═══ DATA FOR REVIEW
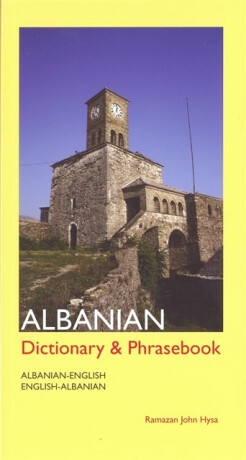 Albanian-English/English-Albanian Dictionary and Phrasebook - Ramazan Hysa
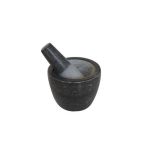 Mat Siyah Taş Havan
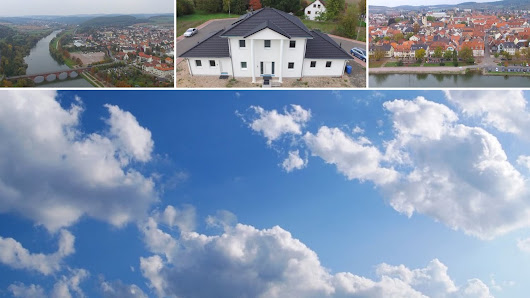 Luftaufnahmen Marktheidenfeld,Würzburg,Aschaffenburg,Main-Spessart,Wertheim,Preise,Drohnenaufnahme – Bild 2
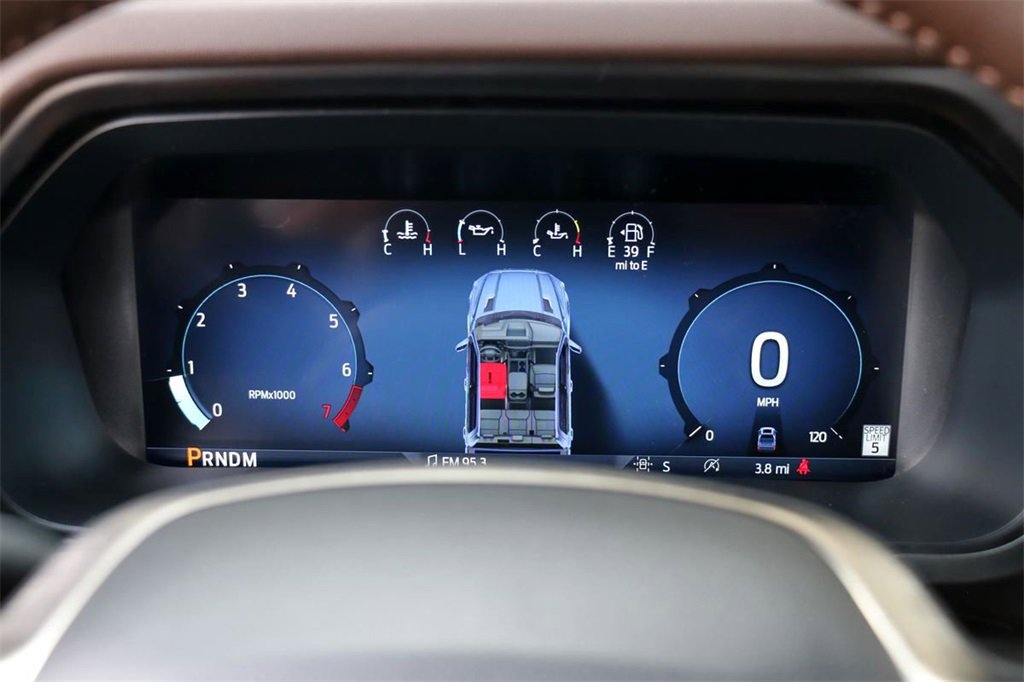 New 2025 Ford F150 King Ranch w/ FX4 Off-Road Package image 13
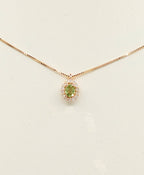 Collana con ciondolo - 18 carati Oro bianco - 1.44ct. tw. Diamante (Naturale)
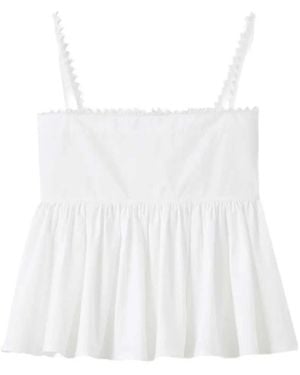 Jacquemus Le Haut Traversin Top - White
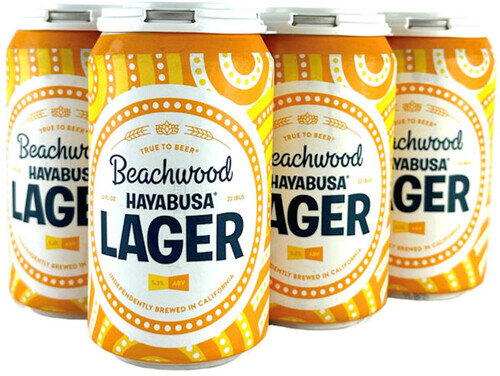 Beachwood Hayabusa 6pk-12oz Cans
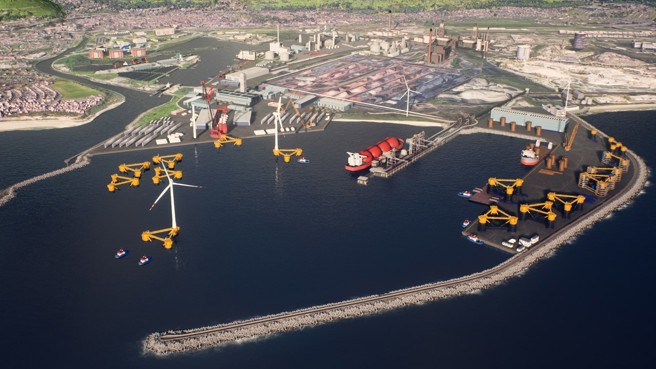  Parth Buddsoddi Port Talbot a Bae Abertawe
══════
#### [TO DO]
Repeat the entries verbatim; no pictures.

#### [EXPECTED ANSWER]
 Albanian-English/English-Albanian Dictionary and Phrasebook - Ramazan Hysa
 Mat Siyah Taş Havan
 Luftaufnahmen Marktheidenfeld,Würzburg,Aschaffenburg,Main-Spessart,Wertheim,Preise,Drohnenaufnahme – Bild 2
 New 2025 Ford F150 King Ranch w/ FX4 Off-Road Package image 13
 Collana con ciondolo - 18 carati Oro bianco - 1.44ct. tw. Diamante (Naturale)
 Jacquemus Le Haut Traversin Top - White
 Beachwood Hayabusa 6pk-12oz Cans
  Parth Buddsoddi Port Talbot a Bae Abertawe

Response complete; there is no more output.